Here’s a related StackExchange post with a similar animation.

Minimizing mean squared orthogonal error is a useful goal: this brings our 1-dimensional approximation of the data as close as possible to the original data. Why is maximizing variance another useful goal?

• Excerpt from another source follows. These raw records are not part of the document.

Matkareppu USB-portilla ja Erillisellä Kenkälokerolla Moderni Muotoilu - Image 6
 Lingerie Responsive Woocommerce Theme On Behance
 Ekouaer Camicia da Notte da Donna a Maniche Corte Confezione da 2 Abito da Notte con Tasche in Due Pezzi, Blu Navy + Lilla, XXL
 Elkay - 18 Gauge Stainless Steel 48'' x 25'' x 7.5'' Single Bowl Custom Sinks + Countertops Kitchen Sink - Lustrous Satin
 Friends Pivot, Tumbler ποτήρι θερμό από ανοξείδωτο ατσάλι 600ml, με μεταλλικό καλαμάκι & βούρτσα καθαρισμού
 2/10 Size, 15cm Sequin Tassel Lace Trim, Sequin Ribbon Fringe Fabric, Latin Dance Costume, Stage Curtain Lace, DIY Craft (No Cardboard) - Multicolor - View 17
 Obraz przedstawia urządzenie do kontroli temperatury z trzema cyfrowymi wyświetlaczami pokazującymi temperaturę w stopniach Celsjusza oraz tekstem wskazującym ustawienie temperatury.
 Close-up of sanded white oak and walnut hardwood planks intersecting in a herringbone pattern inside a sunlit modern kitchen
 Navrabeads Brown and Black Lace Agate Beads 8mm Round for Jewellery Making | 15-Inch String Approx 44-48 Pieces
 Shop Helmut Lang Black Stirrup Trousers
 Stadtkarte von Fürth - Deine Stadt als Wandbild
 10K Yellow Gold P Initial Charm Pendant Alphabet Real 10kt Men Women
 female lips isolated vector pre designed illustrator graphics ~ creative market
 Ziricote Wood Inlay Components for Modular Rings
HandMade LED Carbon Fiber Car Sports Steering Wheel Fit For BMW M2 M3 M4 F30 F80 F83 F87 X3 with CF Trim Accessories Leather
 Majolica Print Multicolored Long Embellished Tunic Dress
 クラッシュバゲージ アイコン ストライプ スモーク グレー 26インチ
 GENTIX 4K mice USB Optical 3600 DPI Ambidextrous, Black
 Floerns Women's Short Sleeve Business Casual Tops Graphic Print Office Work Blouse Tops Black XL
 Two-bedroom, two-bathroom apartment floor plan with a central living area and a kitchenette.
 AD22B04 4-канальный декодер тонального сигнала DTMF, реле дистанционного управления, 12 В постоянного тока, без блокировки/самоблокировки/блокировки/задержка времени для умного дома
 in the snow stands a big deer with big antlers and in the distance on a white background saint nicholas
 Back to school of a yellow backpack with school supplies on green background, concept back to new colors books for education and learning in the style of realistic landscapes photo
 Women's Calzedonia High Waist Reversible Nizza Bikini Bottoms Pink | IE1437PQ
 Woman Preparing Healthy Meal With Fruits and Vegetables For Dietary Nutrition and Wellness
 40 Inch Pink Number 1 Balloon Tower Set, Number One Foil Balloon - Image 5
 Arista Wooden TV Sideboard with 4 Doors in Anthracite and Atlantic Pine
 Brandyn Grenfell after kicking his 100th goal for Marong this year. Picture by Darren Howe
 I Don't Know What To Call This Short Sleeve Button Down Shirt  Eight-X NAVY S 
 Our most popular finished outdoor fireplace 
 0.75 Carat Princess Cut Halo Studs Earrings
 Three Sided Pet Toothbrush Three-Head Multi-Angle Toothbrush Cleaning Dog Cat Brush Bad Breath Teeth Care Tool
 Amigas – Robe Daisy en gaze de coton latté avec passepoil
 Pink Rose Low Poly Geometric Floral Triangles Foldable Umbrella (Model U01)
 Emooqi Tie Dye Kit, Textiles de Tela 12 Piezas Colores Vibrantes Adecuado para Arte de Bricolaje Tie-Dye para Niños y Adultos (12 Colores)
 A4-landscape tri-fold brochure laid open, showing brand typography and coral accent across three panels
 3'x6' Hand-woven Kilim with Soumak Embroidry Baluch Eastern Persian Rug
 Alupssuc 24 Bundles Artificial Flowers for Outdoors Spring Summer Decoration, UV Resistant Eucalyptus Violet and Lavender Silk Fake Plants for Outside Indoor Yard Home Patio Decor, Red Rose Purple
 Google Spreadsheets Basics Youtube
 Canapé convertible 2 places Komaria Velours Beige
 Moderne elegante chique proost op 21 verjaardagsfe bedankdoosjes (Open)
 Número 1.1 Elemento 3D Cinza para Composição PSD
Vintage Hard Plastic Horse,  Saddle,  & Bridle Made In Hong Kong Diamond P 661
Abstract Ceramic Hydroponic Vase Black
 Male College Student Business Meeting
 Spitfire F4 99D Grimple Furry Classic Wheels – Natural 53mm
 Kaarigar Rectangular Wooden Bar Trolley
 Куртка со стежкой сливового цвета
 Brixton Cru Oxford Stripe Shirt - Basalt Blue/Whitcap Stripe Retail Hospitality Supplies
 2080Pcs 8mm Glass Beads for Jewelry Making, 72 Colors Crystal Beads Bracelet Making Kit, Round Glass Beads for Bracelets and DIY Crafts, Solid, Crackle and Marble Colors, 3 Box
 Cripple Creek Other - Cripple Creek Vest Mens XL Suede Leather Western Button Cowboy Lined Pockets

Here’s an analogy: suppose I had a dataset with several characteristics about each student in this course, and I needed to come up with a single number to describe each student. Perhaps I’d take some weighted combination of the number of lectures they’ve attended, their Midterm 1 and Midterm 2 scores, and the number of office hours they’ve attended. I wouldn’t factor in the number of semesters they’ve been at Michigan, since this number is likely to be similar across all students, while these other characteristics vary more significantly.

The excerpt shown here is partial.